DATA PROVIDED:

■ ■ ■ ■

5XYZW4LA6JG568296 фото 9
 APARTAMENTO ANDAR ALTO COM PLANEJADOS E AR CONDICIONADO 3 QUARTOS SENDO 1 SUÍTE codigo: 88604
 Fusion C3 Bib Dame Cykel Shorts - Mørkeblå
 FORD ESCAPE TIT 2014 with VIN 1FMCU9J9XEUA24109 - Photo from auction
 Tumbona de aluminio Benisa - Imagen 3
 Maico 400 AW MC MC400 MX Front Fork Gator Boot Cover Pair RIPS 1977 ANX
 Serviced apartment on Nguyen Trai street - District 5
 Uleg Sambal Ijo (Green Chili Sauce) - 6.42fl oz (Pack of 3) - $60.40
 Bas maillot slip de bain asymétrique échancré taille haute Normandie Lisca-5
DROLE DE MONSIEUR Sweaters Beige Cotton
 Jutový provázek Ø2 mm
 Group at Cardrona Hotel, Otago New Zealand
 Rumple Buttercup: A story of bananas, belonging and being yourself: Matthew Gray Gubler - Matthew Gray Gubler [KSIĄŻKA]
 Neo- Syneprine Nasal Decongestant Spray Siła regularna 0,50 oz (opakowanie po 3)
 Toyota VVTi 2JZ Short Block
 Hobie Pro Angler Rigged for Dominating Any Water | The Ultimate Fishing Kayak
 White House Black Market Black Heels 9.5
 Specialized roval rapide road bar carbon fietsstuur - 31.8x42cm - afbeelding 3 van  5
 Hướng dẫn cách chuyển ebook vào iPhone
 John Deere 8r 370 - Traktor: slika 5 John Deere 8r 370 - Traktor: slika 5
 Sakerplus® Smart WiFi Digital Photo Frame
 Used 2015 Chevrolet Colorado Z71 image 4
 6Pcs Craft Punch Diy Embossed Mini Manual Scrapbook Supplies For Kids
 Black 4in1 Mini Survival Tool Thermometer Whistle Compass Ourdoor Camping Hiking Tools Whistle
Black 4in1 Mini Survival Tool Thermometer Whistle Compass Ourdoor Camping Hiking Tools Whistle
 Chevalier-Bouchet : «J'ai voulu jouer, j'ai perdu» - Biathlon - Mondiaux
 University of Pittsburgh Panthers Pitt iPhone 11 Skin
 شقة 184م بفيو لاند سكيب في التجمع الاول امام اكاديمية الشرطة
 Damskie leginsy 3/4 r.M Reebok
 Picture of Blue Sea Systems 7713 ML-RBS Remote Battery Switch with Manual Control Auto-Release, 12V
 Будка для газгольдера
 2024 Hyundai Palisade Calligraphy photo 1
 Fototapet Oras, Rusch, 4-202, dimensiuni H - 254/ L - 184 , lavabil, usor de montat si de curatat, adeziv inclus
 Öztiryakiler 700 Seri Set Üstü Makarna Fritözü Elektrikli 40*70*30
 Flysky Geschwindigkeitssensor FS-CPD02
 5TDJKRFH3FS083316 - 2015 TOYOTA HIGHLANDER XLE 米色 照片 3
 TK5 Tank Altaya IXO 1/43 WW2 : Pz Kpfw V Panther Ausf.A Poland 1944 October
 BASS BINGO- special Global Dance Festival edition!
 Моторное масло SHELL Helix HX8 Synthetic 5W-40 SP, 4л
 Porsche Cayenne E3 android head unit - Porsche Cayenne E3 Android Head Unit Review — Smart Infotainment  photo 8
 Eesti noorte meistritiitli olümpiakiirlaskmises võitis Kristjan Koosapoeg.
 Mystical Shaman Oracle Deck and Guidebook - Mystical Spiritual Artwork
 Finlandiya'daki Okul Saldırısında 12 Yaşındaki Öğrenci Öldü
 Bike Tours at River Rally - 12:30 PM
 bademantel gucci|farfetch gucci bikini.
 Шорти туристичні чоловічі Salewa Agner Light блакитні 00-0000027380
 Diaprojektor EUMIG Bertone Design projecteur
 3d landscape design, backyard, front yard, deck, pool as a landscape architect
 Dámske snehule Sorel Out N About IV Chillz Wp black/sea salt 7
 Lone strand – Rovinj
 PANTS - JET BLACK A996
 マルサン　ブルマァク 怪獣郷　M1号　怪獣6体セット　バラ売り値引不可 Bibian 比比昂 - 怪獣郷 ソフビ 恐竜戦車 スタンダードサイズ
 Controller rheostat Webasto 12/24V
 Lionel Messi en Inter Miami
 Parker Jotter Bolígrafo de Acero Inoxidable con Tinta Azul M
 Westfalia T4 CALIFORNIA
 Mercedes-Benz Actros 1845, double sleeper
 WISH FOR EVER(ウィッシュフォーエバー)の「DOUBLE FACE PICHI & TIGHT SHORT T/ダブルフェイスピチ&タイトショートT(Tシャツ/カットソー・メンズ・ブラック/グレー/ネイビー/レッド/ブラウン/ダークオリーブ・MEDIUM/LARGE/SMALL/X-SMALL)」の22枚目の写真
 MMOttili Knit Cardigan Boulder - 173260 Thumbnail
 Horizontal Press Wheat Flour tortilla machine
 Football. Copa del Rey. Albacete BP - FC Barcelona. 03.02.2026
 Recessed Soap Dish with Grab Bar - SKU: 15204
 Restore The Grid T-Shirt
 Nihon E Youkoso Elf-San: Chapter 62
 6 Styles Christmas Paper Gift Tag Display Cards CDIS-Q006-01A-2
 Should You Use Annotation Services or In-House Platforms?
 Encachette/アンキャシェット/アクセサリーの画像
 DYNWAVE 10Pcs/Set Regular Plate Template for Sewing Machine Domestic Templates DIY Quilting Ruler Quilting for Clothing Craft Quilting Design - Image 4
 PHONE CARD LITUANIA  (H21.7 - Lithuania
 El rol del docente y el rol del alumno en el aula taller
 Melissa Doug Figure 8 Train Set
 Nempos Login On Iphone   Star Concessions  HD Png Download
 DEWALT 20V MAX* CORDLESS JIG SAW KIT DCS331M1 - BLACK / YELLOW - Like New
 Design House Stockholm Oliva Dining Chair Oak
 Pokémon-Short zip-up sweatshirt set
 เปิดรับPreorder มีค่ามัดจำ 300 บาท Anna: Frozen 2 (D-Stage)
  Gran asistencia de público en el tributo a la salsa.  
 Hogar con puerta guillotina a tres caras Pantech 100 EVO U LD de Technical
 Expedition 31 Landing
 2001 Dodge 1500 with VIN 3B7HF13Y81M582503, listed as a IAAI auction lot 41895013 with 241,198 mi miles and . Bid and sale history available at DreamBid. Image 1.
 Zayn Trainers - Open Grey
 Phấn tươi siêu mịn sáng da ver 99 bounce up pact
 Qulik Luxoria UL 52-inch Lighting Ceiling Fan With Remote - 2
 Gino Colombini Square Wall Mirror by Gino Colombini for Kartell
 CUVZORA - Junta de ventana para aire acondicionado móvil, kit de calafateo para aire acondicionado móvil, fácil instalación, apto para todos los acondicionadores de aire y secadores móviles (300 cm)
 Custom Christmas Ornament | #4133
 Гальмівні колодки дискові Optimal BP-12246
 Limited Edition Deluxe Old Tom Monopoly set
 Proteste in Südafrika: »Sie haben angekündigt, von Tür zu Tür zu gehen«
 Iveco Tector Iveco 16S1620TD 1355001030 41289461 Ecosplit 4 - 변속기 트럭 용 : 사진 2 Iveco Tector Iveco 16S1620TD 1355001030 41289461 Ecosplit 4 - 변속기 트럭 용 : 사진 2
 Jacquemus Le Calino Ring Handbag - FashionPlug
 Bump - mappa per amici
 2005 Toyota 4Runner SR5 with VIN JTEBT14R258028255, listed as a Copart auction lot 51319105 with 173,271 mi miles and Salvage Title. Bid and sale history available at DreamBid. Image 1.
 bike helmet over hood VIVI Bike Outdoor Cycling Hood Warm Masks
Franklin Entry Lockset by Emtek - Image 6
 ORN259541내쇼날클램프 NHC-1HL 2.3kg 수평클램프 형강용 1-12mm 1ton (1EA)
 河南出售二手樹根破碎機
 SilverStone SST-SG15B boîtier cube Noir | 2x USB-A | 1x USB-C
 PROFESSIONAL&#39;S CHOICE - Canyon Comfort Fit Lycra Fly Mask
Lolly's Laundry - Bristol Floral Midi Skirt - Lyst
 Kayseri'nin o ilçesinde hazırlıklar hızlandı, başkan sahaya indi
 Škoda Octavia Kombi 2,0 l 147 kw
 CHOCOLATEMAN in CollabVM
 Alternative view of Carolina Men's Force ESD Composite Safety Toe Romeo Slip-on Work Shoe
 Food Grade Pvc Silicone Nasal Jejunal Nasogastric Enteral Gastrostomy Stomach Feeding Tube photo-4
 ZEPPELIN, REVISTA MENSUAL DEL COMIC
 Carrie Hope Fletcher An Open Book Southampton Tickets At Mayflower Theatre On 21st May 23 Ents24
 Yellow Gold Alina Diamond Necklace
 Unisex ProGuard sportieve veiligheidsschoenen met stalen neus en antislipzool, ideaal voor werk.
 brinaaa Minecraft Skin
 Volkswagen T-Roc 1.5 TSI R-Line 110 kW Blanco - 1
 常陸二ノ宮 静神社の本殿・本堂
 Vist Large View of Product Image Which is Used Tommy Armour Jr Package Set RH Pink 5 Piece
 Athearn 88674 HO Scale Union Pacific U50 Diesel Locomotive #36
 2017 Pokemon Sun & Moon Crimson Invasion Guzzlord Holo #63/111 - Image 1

■ ■ ■ ■

TASK:
Show all lines from the records above where the word "Thermometer" occurs.

RESULT OF THIS TASK:
 Black 4in1 Mini Survival Tool Thermometer Whistle Compass Ourdoor Camping Hiking Tools Whistle
Black 4in1 Mini Survival Tool Thermometer Whistle Compass Ourdoor Camping Hiking Tools Whistle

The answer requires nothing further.